**Work instructions**.
For the data below, transcribe the part that opens with the line containing "Gunster to Boot Hill" and closes with the line containing "Image of 8 bedroom", exactly and with no pictures.

**Records provided**.
■ ■ ■

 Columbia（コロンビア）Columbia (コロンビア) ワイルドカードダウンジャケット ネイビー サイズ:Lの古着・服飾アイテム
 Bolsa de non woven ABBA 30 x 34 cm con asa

■ ■ ■

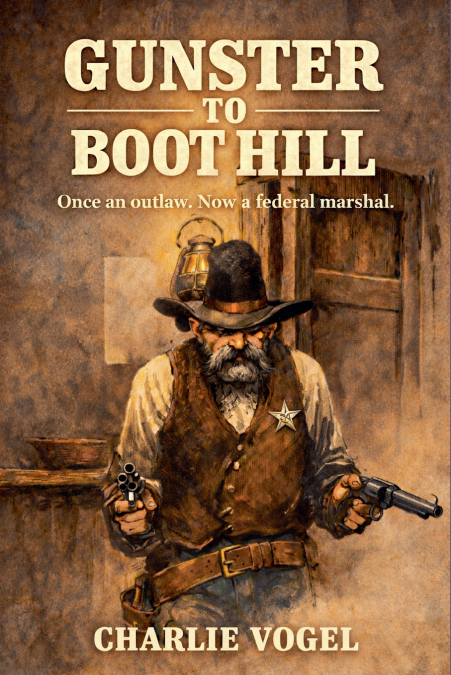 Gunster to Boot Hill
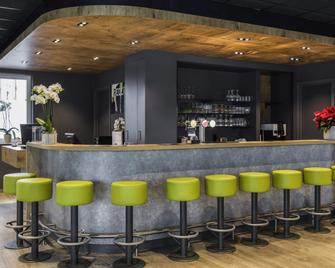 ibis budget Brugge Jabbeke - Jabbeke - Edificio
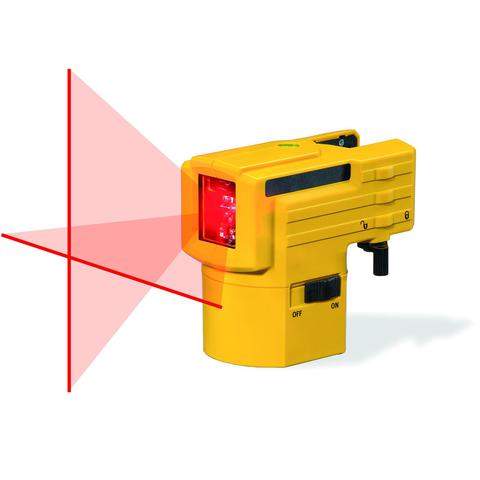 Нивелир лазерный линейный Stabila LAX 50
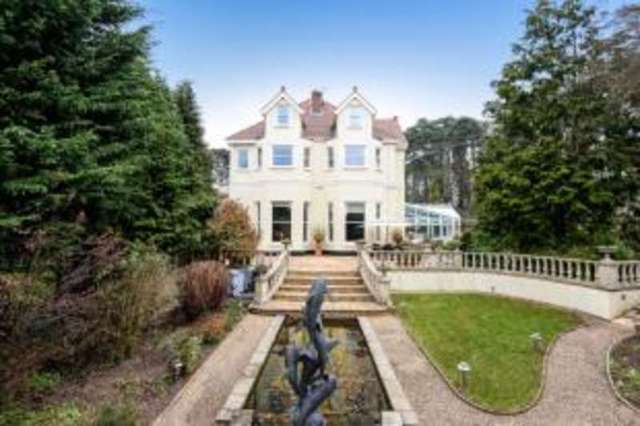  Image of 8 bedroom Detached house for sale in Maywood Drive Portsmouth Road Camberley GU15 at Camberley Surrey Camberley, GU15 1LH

■ ■ ■

**Result for this exercise**.
 Gunster to Boot Hill
 ibis budget Brugge Jabbeke - Jabbeke - Edificio
 Нивелир лазерный линейный Stabila LAX 50
  Image of 8 bedroom Detached house for sale in Maywood Drive Portsmouth Road Camberley GU15 at Camberley Surrey Camberley, GU15 1LH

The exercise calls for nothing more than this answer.